Before running a seafood restaurant, Israel worked as a welder, manufacturing stainless steel furniture and parts used in construction. But his passion was cooking. His three brothers continue working in the welding business. His sister has a career at the local airport. Israel’s mother and siblings live in Puerto Vallarta and his father resides in another town in Mexico. Israel misses them greatly, and hopes that they all will come visit one day and experience the beautiful South Okanagan, and, like in Mexico, they would cook and eat together, and spend a few evenings on the beach watching the sunset.
“It was challenging to be away from home, from my parents, my brothers and sister, from the culture and the traditional food that I love so much… Being away from family was the most challenging thing," he explains.
“Another challenge was being stuck at home because of the pandemic, and not being able to work for the whole year while waiting for my work permit. But I am here now and I am happy. This challenge created a big opportunity for me, and maybe for my family in the future. I really, really like it here. People have been very nice since day one. Everyone was trying to help. The college helped us find housing. I really liked Kelowna but Penticton has more of a family vibe. Being at the campus and seeing the same people all the time contributes to feeling this sense of community, family.”

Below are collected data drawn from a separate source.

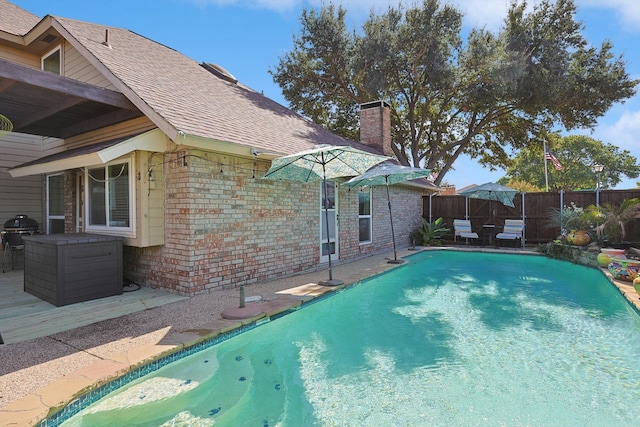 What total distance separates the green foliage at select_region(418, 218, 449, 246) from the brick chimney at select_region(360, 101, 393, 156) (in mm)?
3583

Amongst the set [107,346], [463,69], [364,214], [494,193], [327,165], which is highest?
[463,69]

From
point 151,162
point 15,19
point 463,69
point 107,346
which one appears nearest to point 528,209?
point 463,69

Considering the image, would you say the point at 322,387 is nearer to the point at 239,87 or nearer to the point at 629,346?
the point at 629,346

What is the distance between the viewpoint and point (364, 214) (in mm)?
11125

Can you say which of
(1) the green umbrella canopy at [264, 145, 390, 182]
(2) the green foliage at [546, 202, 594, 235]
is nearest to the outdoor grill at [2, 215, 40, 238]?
(1) the green umbrella canopy at [264, 145, 390, 182]

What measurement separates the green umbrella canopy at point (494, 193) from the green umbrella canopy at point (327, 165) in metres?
7.80

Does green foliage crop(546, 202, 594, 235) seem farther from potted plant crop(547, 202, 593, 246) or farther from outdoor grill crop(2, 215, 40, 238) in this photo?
outdoor grill crop(2, 215, 40, 238)

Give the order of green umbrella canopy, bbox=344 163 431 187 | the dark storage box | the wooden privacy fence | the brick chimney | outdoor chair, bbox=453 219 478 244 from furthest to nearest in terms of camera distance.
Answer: outdoor chair, bbox=453 219 478 244, the brick chimney, the wooden privacy fence, green umbrella canopy, bbox=344 163 431 187, the dark storage box

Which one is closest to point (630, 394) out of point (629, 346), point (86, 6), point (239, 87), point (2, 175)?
point (629, 346)

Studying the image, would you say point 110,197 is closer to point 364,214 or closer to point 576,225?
point 364,214

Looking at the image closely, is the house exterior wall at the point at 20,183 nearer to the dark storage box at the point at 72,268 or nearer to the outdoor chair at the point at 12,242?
the outdoor chair at the point at 12,242

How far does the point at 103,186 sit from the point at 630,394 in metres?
8.39

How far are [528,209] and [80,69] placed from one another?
50.8 ft

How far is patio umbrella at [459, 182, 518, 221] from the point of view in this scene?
13.0 metres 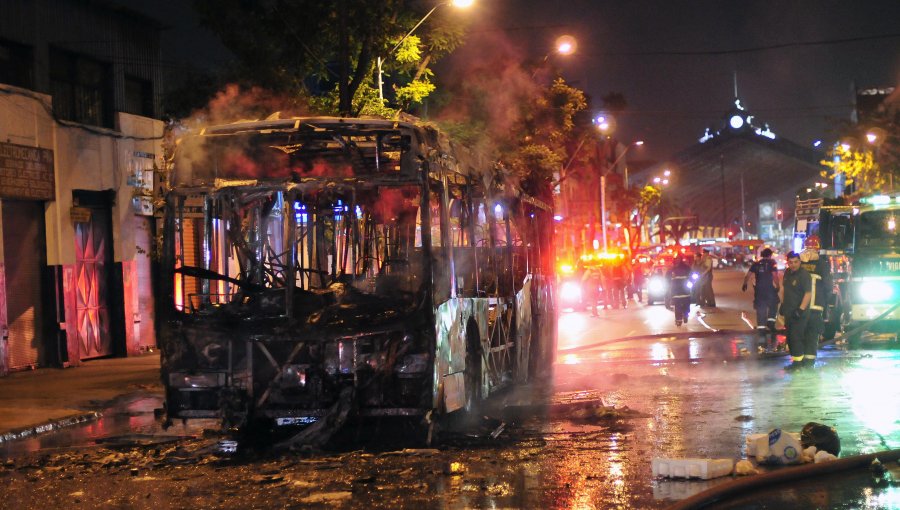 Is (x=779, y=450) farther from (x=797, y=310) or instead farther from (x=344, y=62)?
(x=344, y=62)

The Marmalade Cat at the Okanagan College offers some Mexican staples – burritos, homemade salsas, Puerto Vallarta-style guacamole, and once a week, tamales.
“In Mexico, what we look for at taco stands is the variety and taste of salsas, so I put my heart into making good salsas," Israel says.

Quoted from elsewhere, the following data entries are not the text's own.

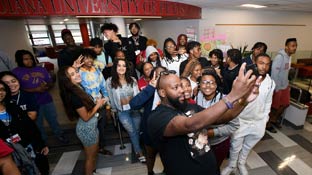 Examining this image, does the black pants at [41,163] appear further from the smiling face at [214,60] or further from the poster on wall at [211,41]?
the poster on wall at [211,41]

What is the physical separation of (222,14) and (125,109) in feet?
13.9

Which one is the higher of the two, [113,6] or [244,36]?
[113,6]

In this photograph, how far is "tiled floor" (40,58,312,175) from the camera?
94.0 inches

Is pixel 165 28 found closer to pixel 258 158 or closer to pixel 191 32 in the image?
pixel 191 32

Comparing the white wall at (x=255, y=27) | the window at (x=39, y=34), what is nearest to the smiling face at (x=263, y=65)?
the white wall at (x=255, y=27)

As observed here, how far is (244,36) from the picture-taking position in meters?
5.54

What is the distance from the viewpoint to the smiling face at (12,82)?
190 cm

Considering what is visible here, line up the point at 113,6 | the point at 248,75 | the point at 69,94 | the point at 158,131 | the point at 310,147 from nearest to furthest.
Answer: the point at 248,75 < the point at 158,131 < the point at 69,94 < the point at 310,147 < the point at 113,6

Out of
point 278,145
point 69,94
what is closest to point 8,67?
point 69,94

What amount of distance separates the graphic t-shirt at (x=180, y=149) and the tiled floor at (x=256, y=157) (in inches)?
54.0

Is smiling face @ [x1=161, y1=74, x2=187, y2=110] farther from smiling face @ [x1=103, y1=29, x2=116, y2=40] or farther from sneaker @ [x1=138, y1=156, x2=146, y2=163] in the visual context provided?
smiling face @ [x1=103, y1=29, x2=116, y2=40]

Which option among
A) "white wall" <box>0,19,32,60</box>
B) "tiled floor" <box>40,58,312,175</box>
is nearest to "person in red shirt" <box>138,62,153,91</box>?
"tiled floor" <box>40,58,312,175</box>

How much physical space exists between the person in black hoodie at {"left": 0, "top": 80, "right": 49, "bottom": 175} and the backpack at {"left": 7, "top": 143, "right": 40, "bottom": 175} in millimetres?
77

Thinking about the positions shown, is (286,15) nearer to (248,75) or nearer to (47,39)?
(248,75) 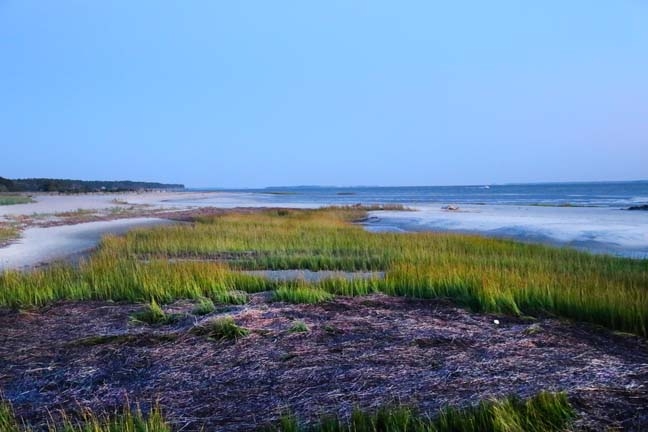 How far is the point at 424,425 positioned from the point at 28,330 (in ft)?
19.0

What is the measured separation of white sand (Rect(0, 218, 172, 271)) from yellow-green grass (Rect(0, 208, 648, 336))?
6.02 ft

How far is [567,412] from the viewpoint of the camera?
163 inches

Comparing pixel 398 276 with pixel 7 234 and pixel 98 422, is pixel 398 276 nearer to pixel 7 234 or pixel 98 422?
pixel 98 422

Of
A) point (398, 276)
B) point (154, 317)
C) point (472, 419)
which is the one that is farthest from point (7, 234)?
point (472, 419)

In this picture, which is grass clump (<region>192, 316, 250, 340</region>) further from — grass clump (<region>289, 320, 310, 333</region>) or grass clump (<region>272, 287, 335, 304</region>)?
grass clump (<region>272, 287, 335, 304</region>)

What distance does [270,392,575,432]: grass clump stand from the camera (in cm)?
396

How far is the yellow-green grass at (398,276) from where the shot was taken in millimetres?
8102

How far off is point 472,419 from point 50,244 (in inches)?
822

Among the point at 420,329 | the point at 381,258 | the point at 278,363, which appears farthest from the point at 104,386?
the point at 381,258

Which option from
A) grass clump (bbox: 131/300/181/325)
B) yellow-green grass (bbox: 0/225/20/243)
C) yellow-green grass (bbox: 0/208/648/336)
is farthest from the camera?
yellow-green grass (bbox: 0/225/20/243)

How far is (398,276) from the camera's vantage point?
1038 centimetres

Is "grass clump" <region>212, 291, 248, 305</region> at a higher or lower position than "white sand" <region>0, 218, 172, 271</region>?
higher

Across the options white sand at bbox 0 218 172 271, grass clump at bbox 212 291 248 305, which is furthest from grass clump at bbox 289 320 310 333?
white sand at bbox 0 218 172 271

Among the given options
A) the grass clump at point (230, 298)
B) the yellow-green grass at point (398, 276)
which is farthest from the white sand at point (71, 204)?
the grass clump at point (230, 298) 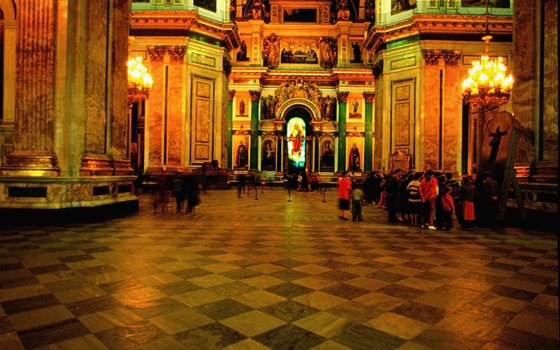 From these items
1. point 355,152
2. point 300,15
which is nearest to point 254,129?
point 355,152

“In Mexico everyone gets together every time, every day. You have lunch or dinner with your neighbours all the time. Here it is not like that, but we feel the family vibe from the students and staff, and we really like it, that’s what we have in our culture.”
More recently, one of the students suggested that they add some Indian specialities, such as samosas, to the menu. Israel was delighted with the suggestion as there are many international students from India on the campus who would appreciate this addition. He never made samosas before, so he invited the student to share the recipe and help him make them. They did a free tasting event for the students and staff and everyone loved the samosas, and now, to the delight of many students, they will be added to the menu.
Israel plans to continue working with the Marmalade Cat.
“They opened their doors and hearts for us. I am very grateful for that. It seems like it was there for me. It was my destiny in a certain way."
This profile, written by Elmira Galiyeva, is a part of the Community Champions campaign of the South Okanagan-Similkameen Local Immigration Partnership (SOSLIP). The Partnership project is led by the South Okanagan Immigrant and Community Services (SOICS), which provides a range of services for newcomers to the region. The article was previously published on Castanet.
Postscript: Since this article was first written, Israel was invited to teach an 8-week Spanish course for Continuing Studies at Okanagan College's Penticton campus. This weekly night class just wrapped up last week with a tamale and conversation party. The next cohort begins again in February. The business is also doing well, with Israel noting a significant increase in catering requests for on and off-site events. The café is not only available to Okanagan College students & staff; the public are welcome to stop in to enjoy a bite to eat or a coffee. Operating hours are Monday to Thursday: 7 a.m. to 2 p.m. and Friday: 8 a.m. to 1 p.m.